The diversity was interesting: it was refreshing to hear about quantitative finance from vastly different perspectives. The presentation from Morgan Stanley about their scala annotation framework to ease up parallel programming was enlightening. The main issue they were trying to solve is the necessity for all the boilerplate code to handle concurrency, caching, robustness, which obfuscates significantly the business logic in the code. This is an old problem. Decades ago, rule engines were the trend for similar reasons. Using the example of pricing bonds, the presenters put very well forward the issues in evidence, issues that I found very relevant.

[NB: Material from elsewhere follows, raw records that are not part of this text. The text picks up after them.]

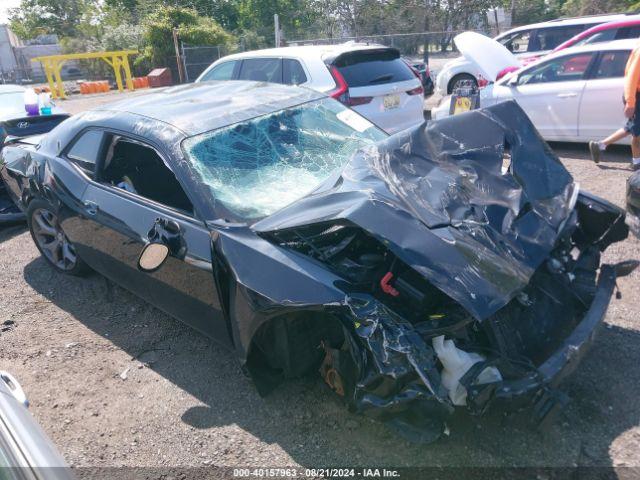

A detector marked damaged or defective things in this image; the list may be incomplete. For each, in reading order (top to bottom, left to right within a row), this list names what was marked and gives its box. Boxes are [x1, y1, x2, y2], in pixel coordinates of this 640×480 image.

shattered windshield [182, 100, 388, 223]
crumpled hood [254, 100, 576, 318]
crushed front end [238, 101, 632, 442]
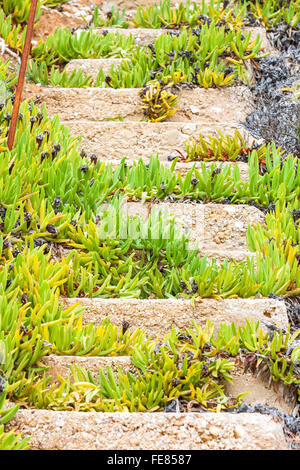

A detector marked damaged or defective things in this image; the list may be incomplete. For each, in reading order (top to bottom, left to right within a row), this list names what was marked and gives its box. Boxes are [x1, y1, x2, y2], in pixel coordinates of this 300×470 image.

rusty metal rod [6, 0, 38, 150]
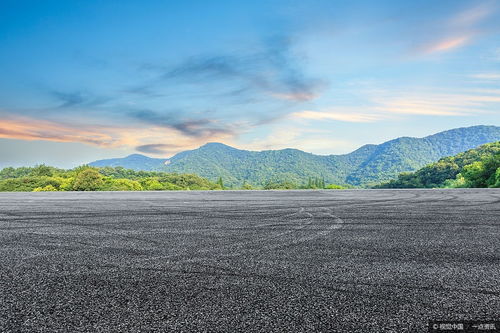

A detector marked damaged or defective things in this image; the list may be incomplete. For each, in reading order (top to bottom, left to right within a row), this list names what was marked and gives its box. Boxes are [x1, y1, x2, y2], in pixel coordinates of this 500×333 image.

cracked asphalt texture [0, 188, 500, 330]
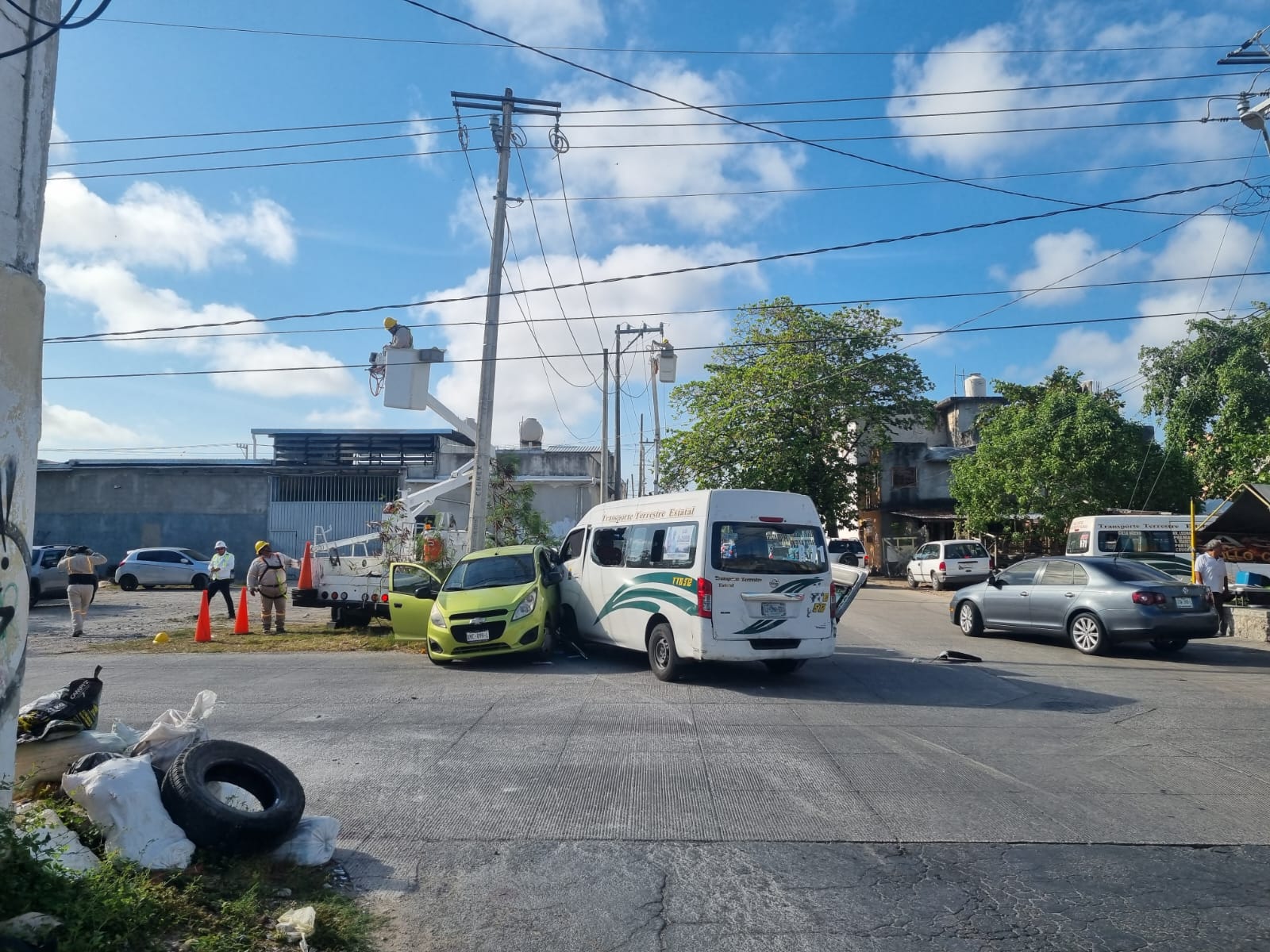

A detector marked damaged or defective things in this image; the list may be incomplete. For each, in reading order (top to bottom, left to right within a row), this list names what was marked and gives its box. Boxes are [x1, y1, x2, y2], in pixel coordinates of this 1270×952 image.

cracked pavement [17, 584, 1270, 946]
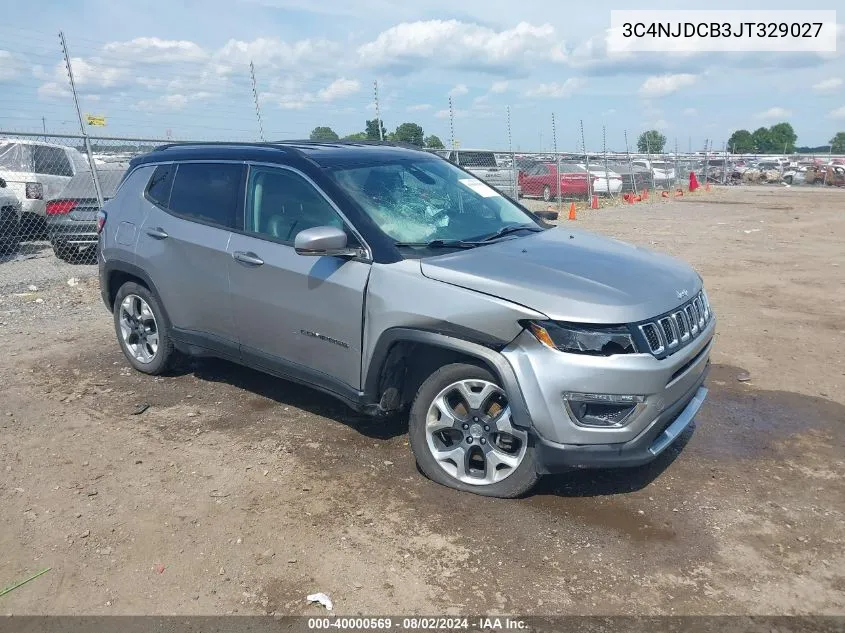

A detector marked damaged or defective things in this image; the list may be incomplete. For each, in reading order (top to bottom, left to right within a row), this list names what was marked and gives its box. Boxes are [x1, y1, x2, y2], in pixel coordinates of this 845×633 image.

damaged windshield [326, 156, 536, 247]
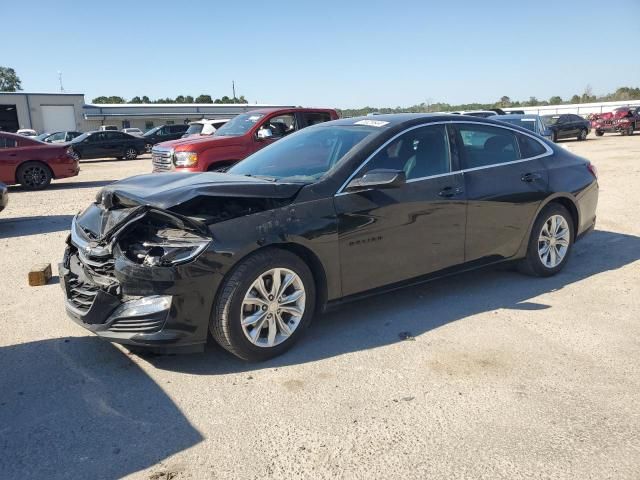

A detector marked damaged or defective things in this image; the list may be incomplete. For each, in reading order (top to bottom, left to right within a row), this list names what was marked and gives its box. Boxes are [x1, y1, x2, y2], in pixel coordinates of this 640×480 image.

damaged front bumper [60, 212, 220, 350]
broken headlight [119, 213, 211, 266]
front end damage [60, 173, 300, 352]
crumpled hood [96, 172, 304, 210]
damaged black car [61, 112, 600, 360]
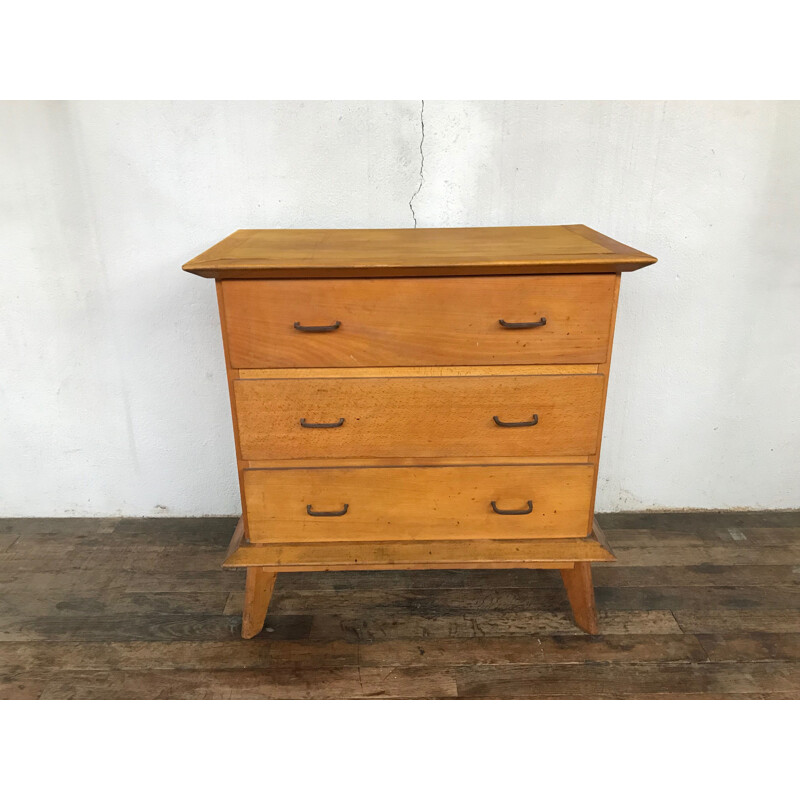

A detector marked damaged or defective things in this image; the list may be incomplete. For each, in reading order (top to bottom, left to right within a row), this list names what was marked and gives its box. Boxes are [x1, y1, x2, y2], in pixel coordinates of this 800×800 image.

cracked white wall [1, 100, 800, 512]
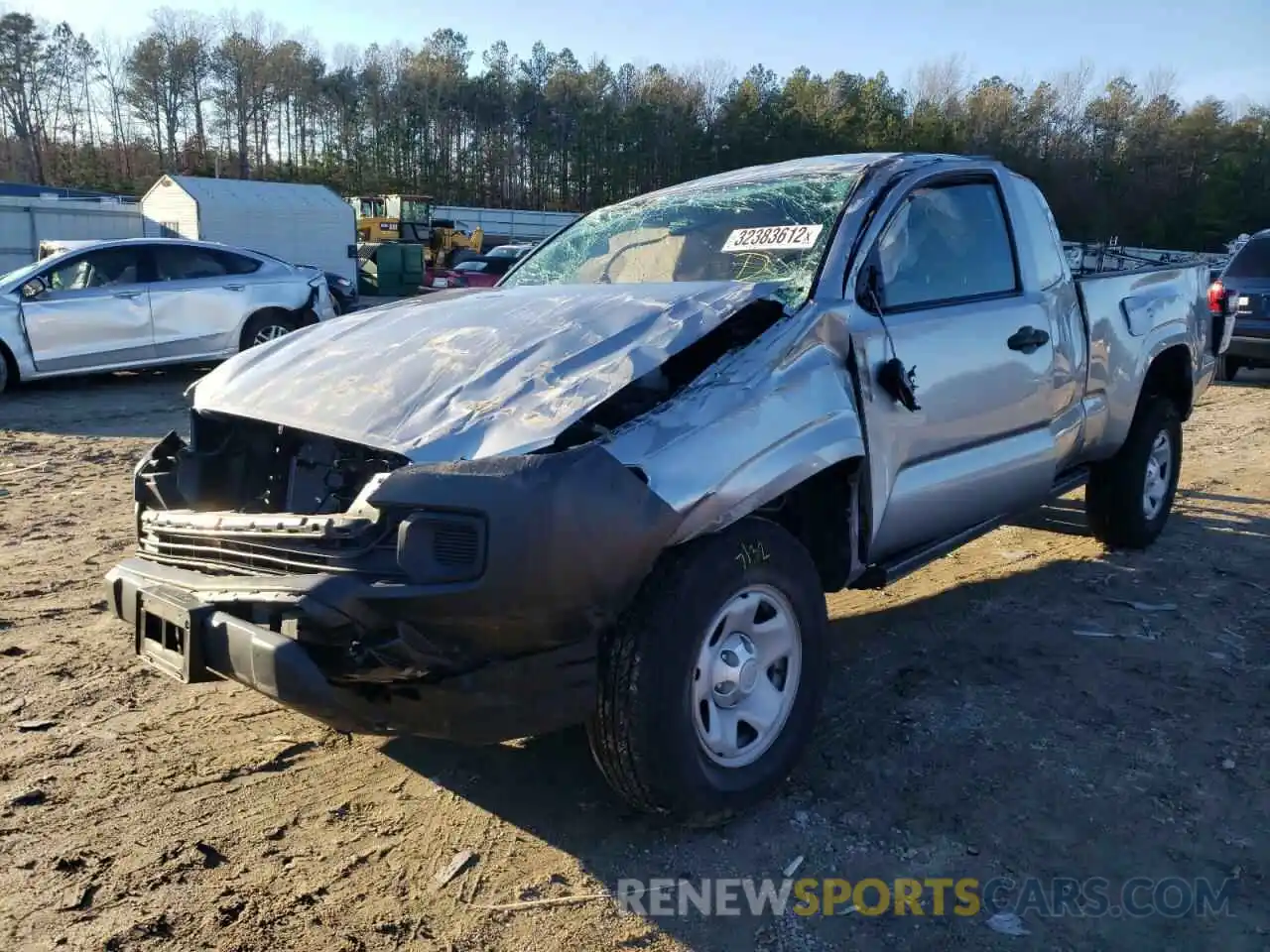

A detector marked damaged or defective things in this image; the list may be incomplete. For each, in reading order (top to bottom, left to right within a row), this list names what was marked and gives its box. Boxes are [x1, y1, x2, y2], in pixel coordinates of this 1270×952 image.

While writing my own presentation, I realized I had not tried to plot the Bachelier implied volatility fractals. The one corresponding to the Householder method is pretty, and not too far off from the Black-Scholes case, possibly because the first, second and third derivatives towards the vol are similar between the two models.
Of course, this is purely for the fun as this has no practical importance, since we can invert the Bachelier price with near machine accuracy through a fast analytic formula.